まとめますと、更新時に更新料を支払わないような借地人さんが、自己都合で建て替えや借地権売買をするから承諾を下さいと挨拶に来たとしても、多くの地主さんは気持ち良く承諾はしないでしょう。

もしくは、高額な承諾料を要求されたり、厳しい条件を付けられることになるでしょう。


更新時に更新料を支払っておけば良かった!と後悔する借地人さんはとても多いです。

一部の弁護士さんや専門家は、更新料は支払う必要がない!と借地人さんにアドバイスをしているようですが、それは前項で説明したような、将来、借地人さんが必要な時にスムーズに承諾を得られないばかりか、住宅ローンの借り入れが出来ないリスクがあるという説明まではしていないかと思います。


確かに、すぐに建て替えや引っ越しの必要がなければ良いかもしれません。


しかし、いつ何が起こるか、誰にも分かりません。


例えば火事で自宅が燃えた時もそうです(脅しに聞こえてしまいますが、実際に気の毒な話がありました。ご容赦ください)。

そのような緊急事態でも、地主さんとの関係が良好でなければ、スムーズに承諾がもらえないことがあり得るのです。

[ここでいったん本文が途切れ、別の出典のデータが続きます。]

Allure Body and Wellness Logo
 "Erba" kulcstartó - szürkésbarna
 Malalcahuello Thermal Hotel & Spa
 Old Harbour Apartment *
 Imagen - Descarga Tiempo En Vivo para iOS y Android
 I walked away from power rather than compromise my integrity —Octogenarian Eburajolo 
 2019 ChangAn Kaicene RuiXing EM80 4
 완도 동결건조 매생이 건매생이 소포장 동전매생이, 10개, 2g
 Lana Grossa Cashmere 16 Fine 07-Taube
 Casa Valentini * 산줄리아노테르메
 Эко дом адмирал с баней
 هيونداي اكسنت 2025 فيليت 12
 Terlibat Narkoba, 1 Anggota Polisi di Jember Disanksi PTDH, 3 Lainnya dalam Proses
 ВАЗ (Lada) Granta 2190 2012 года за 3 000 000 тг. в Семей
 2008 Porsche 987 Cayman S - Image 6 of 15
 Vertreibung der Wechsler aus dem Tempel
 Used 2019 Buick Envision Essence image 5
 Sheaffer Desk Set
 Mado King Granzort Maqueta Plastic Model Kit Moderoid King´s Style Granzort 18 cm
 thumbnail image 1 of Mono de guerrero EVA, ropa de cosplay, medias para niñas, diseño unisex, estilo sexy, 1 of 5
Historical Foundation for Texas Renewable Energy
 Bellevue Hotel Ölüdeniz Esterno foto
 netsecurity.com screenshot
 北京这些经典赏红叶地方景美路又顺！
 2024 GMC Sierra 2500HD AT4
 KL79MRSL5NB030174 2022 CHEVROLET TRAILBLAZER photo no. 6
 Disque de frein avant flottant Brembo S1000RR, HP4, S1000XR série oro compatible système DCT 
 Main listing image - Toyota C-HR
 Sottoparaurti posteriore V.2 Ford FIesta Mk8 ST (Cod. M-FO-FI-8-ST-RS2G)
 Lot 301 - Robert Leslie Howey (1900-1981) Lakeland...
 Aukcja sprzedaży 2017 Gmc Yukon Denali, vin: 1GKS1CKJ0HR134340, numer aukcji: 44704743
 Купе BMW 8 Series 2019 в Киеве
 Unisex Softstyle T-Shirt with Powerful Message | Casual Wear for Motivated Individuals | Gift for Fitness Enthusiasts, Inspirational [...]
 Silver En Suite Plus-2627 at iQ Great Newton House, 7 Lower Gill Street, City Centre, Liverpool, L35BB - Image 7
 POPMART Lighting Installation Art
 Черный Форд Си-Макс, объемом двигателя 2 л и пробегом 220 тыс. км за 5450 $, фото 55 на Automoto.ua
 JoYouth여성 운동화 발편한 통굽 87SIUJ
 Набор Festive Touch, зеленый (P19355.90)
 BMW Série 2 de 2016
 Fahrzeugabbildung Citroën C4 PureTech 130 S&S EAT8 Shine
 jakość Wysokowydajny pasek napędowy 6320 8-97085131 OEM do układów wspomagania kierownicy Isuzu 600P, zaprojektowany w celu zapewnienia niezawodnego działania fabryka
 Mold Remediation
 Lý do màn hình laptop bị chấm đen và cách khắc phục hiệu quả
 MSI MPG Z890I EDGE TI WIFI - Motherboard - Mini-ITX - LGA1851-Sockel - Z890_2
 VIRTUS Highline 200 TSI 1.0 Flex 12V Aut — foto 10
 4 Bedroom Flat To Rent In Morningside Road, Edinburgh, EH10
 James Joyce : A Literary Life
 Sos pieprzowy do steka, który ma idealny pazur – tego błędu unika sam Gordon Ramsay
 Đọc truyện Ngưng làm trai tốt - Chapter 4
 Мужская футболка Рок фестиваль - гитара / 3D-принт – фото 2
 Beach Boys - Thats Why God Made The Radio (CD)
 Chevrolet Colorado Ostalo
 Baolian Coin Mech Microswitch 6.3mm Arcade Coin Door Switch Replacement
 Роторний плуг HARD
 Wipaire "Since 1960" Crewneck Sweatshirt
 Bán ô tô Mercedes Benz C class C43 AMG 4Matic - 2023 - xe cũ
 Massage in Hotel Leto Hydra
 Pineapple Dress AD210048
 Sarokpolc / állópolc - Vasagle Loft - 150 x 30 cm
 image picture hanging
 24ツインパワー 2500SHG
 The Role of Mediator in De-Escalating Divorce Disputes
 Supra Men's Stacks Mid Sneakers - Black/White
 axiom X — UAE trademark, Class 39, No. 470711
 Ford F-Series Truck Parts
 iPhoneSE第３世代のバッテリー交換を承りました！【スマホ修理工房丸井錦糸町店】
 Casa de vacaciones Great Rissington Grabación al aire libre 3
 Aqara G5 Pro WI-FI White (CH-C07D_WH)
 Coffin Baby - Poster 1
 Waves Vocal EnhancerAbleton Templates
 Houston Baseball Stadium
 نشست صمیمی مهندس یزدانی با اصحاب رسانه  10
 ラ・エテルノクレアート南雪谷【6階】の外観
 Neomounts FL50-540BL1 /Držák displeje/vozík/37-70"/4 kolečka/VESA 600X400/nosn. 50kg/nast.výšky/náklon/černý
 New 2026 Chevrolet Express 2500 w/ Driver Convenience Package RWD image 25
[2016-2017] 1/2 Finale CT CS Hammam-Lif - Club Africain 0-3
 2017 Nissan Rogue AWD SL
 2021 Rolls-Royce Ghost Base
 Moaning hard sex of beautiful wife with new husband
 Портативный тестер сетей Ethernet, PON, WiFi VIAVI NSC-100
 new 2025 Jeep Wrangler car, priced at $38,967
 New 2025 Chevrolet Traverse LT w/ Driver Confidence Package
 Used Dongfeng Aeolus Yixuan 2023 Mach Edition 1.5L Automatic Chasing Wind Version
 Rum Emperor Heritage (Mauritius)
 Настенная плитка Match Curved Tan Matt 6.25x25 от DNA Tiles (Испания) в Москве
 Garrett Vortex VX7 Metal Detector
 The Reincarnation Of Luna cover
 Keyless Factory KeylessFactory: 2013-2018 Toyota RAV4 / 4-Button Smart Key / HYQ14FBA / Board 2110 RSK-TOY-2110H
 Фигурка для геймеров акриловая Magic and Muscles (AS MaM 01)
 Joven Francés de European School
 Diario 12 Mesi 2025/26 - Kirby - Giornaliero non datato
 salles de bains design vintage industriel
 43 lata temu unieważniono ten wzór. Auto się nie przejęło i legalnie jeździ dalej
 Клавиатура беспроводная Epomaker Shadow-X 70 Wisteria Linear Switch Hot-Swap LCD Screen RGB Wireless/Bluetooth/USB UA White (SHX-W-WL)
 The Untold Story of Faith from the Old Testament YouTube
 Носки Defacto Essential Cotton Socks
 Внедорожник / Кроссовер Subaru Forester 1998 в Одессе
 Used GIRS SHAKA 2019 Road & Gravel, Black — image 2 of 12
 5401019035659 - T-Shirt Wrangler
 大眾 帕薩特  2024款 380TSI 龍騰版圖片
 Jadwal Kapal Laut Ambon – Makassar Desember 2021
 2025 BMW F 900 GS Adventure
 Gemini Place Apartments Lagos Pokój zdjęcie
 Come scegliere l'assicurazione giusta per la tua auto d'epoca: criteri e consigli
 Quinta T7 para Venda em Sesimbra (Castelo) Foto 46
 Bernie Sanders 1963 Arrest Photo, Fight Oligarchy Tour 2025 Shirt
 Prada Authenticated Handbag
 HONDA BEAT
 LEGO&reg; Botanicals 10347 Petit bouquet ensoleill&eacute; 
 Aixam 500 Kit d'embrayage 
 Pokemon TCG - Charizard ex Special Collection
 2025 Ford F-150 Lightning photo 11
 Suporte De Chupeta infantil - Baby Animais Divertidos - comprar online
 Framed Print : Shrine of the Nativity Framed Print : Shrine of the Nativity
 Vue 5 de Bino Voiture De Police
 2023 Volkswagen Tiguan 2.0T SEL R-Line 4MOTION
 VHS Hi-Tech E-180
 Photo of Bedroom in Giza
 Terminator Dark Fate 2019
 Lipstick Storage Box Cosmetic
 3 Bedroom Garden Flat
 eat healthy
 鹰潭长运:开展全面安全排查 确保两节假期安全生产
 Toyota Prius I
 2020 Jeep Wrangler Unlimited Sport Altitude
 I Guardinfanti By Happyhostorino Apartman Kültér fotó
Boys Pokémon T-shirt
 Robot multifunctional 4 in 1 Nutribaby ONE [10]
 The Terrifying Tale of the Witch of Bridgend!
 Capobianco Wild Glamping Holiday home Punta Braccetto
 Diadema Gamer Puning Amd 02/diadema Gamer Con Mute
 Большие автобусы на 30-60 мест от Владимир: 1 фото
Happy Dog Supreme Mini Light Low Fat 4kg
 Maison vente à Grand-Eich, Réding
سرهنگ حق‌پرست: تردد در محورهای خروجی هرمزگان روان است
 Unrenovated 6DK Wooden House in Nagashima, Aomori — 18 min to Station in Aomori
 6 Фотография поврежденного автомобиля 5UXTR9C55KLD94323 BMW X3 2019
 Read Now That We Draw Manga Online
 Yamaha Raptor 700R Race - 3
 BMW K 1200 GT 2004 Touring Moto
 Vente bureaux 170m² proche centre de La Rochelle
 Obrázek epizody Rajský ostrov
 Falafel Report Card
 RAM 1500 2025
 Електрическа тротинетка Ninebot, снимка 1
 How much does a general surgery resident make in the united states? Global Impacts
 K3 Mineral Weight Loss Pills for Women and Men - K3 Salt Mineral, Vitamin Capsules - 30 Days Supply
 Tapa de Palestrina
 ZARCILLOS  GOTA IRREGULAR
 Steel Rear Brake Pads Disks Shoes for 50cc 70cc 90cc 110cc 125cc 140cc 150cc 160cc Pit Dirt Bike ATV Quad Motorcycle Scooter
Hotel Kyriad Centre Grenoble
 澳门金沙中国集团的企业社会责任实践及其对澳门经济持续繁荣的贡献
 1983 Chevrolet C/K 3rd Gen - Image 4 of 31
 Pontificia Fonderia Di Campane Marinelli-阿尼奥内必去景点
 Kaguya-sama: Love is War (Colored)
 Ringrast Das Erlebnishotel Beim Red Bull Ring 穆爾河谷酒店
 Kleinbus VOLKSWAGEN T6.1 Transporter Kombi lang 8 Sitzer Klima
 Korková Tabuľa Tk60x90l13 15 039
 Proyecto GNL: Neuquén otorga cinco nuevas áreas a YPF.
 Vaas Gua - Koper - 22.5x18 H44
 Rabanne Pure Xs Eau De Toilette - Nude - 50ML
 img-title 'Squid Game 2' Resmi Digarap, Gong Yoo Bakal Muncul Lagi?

まとめますと、更新料は将来の建て替えや借地権売買の際、地主さんからスムーズに承諾を得るための保険料、借地権保全費用という意味合いも含まれていると考え、借地人さんにおかれましては、出来る限り更新料をお支払いする方が良いかと考えられます。


※あまりにも高額な更新料を要求される場合もありますので、更新料の相場は最低限知っておいて頂きたいです。

※更新料を支払ったからとは言え、必ず地主さんの承諾を得られるという事ではありませんのでご注意ください。